- **YOUR OBJECTIVE**: A single figure is wanted: the count of lines below containing the string "Shoes".

(Stored data)
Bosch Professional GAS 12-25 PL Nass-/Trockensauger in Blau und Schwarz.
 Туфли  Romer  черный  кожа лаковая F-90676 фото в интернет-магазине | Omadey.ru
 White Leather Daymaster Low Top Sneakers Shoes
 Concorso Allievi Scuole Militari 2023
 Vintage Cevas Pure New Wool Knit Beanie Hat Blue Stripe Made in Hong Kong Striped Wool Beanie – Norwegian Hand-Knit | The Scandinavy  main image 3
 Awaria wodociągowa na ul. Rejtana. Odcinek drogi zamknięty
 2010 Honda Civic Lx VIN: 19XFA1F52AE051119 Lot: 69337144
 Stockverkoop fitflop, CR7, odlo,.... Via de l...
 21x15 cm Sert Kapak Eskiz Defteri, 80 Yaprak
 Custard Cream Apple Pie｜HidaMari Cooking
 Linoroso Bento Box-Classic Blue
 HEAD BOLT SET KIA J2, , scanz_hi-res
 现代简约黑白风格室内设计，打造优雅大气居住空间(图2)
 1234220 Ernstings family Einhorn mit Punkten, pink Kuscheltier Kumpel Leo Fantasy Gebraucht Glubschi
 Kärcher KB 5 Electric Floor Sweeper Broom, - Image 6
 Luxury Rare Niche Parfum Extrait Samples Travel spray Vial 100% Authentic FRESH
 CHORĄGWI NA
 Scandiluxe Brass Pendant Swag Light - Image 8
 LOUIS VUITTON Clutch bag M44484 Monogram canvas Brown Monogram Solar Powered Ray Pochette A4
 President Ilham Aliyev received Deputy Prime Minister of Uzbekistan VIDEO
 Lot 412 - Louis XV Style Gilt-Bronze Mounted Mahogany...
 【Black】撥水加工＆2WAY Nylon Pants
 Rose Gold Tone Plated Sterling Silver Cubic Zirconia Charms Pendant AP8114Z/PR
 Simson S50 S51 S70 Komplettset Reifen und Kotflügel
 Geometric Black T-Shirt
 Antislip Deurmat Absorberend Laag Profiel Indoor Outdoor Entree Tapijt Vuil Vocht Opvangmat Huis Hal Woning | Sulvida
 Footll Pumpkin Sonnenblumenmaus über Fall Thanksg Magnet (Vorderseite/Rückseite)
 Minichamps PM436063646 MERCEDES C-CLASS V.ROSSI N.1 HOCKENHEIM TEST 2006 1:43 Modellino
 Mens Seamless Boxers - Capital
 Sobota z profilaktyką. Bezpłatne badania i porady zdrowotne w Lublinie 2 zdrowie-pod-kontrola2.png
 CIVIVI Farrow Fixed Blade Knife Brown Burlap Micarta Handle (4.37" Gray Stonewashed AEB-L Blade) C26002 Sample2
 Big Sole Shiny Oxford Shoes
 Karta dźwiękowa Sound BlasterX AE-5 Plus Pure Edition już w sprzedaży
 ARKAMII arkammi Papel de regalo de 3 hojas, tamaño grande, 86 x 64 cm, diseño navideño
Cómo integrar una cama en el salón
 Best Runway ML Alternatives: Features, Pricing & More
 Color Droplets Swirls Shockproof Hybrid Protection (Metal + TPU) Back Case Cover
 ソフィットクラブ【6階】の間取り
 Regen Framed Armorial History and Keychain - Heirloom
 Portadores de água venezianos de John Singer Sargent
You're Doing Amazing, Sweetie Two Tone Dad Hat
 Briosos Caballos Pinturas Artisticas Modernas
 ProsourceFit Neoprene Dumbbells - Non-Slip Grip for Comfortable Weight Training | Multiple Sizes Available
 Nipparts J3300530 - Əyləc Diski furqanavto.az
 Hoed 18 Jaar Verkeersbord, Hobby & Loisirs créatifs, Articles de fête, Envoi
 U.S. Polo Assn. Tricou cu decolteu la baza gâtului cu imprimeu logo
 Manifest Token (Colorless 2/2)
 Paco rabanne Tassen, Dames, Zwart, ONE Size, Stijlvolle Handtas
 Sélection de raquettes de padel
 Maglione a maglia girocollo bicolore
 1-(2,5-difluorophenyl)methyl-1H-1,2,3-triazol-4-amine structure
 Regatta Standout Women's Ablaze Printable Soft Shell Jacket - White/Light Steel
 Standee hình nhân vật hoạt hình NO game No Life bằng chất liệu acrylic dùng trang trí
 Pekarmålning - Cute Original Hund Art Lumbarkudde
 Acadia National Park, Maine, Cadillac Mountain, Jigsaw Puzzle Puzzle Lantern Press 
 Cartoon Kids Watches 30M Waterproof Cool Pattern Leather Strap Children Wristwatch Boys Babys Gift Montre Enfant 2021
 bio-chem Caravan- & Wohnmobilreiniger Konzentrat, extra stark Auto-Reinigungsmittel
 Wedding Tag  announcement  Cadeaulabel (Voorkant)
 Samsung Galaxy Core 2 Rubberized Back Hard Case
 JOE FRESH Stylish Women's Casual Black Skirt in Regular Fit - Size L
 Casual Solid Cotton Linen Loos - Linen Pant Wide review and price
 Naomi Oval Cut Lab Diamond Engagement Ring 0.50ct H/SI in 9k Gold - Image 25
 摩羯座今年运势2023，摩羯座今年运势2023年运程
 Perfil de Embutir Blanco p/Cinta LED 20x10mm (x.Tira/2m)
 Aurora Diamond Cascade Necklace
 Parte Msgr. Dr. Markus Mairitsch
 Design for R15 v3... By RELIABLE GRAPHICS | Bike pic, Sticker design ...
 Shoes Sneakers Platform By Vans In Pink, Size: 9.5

- **EXERCISE SOLUTION**: 3